The construction of his house took much of his attention, and he ransacked his collections of sketches, and photographs of villas, palaces, and cottages in the Old World, to find such a plan as he could be satisfied to adopt. It was no child’s play with him to construct the building wherein to make his home. He had thought of the matter from boyhood, and that clump of oaks on the highland, about a mile to the westward of Kennett Square, and within a short distance of the old homestead, had ever been his choice. His years of wanderings had sharpened his desire for a permanent home, and, with characteristic care and thoroughness, he investigated his plans and means. He had owned the land for five years, and had gloried in being the owner of American soil, without which one can hardly claim to be an American. He attended to all the details of rooms, closets, stairways, windows, brick, stone, cornices, roof, tower, with caution and deliberation; and when he contracted with the masons, carpenters, and gardeners, he knew just what was needed, and told to each what was expected of them. There was a ceremony attendant on breaking the ground, a procession, and a box of records deposited in the foundation, when the corner-stone was laid, and such a house-warming when it was dedicated October 18 and 19, 1860, as Americans seldom enjoy. There was feasting, singing, original poetry, original plays, and one of the happiest, merriest companies ever gathered under a hospitable roof.

But while the building was being slowly and carefully constructed, with its thick walls of stone and brick, Mr. Taylor, was engaged no less in his editorial tasks. The summer after his return from Europe, he made several excursions in an editorial capacity, one of which took him again to California. The great changes in the city of San Francisco, and in the appearance of the entire State, so far as he visited it, were marvellous, and were as marvellously pictured to the minds of his readers. His time was much occupied in delivering lectures in the various cities of the State; but he used his disciplined eyes and ears to such advantage that he gave in his book the most full and accurate account of California,—its agriculture, its institutions, its lakes, its mountains, its great trees, its mines, its enterprises, and its people,—to be found in any work of the kind now in print. It is astonishing how much he could put into a paragraph, without giving it a crowded appearance!

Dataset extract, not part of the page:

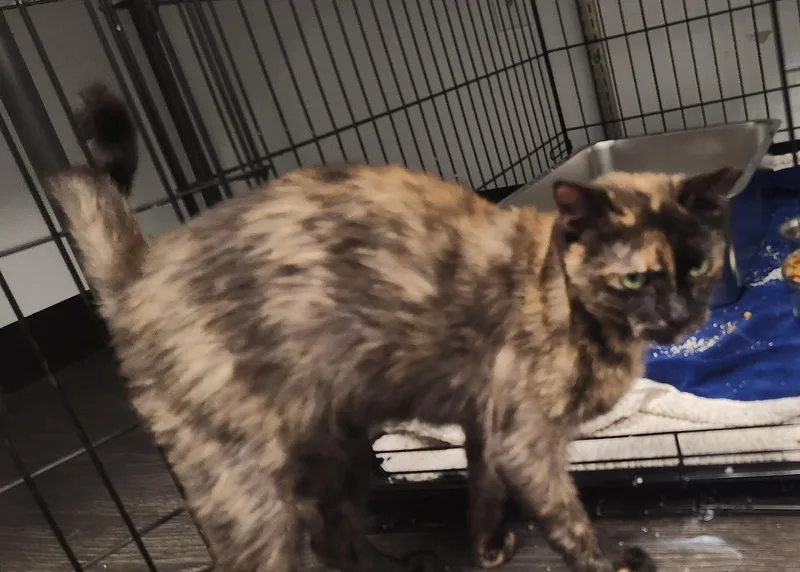 A young medium-sized female Black Domestic Short Hair cat named Raven for adoption in Herndon, VA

His time, from the day he returned from California, was mostly engaged in delivering lectures and writing letters. He was not rich, and he was generous. He had a house to build, and to pay for. Furniture must be had, and his accumulated fortune was not large enough for all. Hence he travelled, and he delivered lectures, notwithstanding the disagreeable experiences which he was compelled to endure. He yearned to be at the translation of “Faust”; but necessity drove him to talk of travel and biography. He had a home, for “it is home where the heart is,” and he longed to be in it. But necessity sent him forth with a rude hand, and held him aloof from his own. Oh! that is the saddest experience in human life! To feel called to a certain work; to know that there is one task for which one is peculiarly fitted by nature and by discipline; to see before him still the beckoning forms which have hovered in the glory of every setting sun, since earliest childhood; to feel that one’s productions, which might be valuable, are unfinished, and hardly shaped, before they are forced into the hands of conscienceless critics, is one of the most miserable conditions in life. This condition, which has worn out so many men of genius, and which has, with tyrannical coldness, compelled authors to fence up their own literary highway, or die, was not felt by Mr. Taylor in that degree that it was by some of his cotemporaries,—and by many since his time. But he felt it often enough and keenly enough to sympathize with others, and most forcibly expressed their feelings in his “Picture of Saint John.”